For example, on July 3, the well-known journalist and author Robert Parry said: "President Bush's decision to spare Scooter Libby from jail time represents the final step in a cover-up that began four years ago when Bush, Vice President Cheney and other top officials launched a campaign to discredit an American citizen for daring to question Bush's case for war in Iraq. . . . That criminal act was followed by lies to the public and an organized cover-up. By commuting Libby's sentence, Bush now has made sure that Libby will keep his mouth shut and that the full story will never be told."

Former Congresswoman and key Watergate impeachment protagonist Elizabeth Holtzman said: "The commutation undoes the simple application of justice. It's just one more example of how this administration believes that the president and his team can violate the law with impunity."

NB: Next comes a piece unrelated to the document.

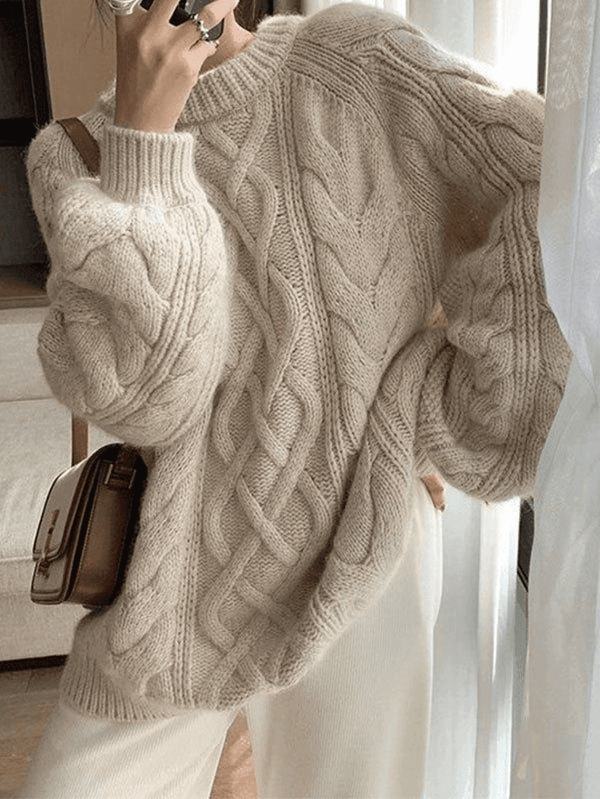 Women's Oversized Brown Cable Knit Jumper | Ideal for Autumn/Winter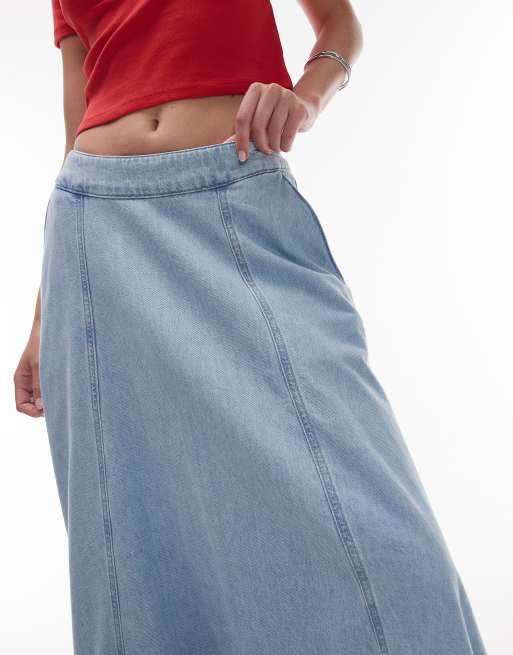 ★ ★ Women's Bleached Indigo Denim Maxi Skirt 47 Bleached Denim Godet Maxi Skirt – Tibi Official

Larry Johnson, a former CIA intelligence analyst and State Department counter-terrorism official [not the much better-known former New York Knicks basketball player, Larry Johnson most famous for the "Four-Point Play"], who has known Valerie Plame Wilson since they trained together in 1985, said: "The commutation of Scooter Libby's prison sentence represents a tacit endorsement of the obstruction of justice perpetrated by the Bush administration as a whole. . . . . The Libby get-out-of-jail card is another sign that George Bush cares nothing about the law or the security of this nation."

William Rivers Pitt, writing on truthout on July 3, 2007, summed it all up in "Was Commuting Libby an Impeachable Offense?" "Bush has the constitutional power to offer commutations, of course. But if this commutation was granted to Libby in order to derail a criminal investigation, if it was granted to cover up prior or ongoing criminal activities, that is itself a crime meriting the impeachment of George W. Bush."

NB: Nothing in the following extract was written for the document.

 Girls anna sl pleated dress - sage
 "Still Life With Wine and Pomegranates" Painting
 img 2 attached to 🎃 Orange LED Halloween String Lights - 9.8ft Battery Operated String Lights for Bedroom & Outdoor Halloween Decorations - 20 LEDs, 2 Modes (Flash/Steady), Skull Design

So what else is new, folks? Paraphrasing what Cheney once famously said to Sen. Patrick Leahy on the Senate floor, this is the "F___ You" Presidency. So let us not be shocked, shocked, by anything of this sort that comes out of it. Further, just because while in granting the Libby pardon Bush went back on everything he said and did about commutations and pardons while Governor of Texas, let us not be shocked, shocked, if his policy for everybody else caught up in the U.S. criminal "justice" system remains totally unchanged. Defense lawyers around the country will be licking their chops dry before any briefs they put together based on Bush's Libby-commutation reasoning were to move him one inch away from the totally merciless and anti-establishment-of-justice stance he has consistently taken on this issue, both as Governor and President.

It only took the Republicans a couple of days before they trotted out their totally stale (except to Democratic officeholders, consultants, and pundits) "two wrongs make a right" attack-on-defense. Well, Clinton pardoned Marc Rich and, and, and. . . . (What would the Republicans do without the Clintons? Why invent them, of course.) And then it came out (I first saw it on these pages) that Libby himself was the lawyer who plead Rich's case before Clinton. Oh my! That juicy little fact has been virtually ignored by the Republican Scream Machine, of course. As for me, I must say that I was truly shocked (yes, really) by this one. Clinton was actually doing a favor for Libby and his people, the people who had worked so hard, with great success in fact, to shackle his Presidency for 8 years. I wonder if the Clintons will ever be able to figure out who are their friends and who are their enemies. If they ever do, I will be truly shocked by that one too.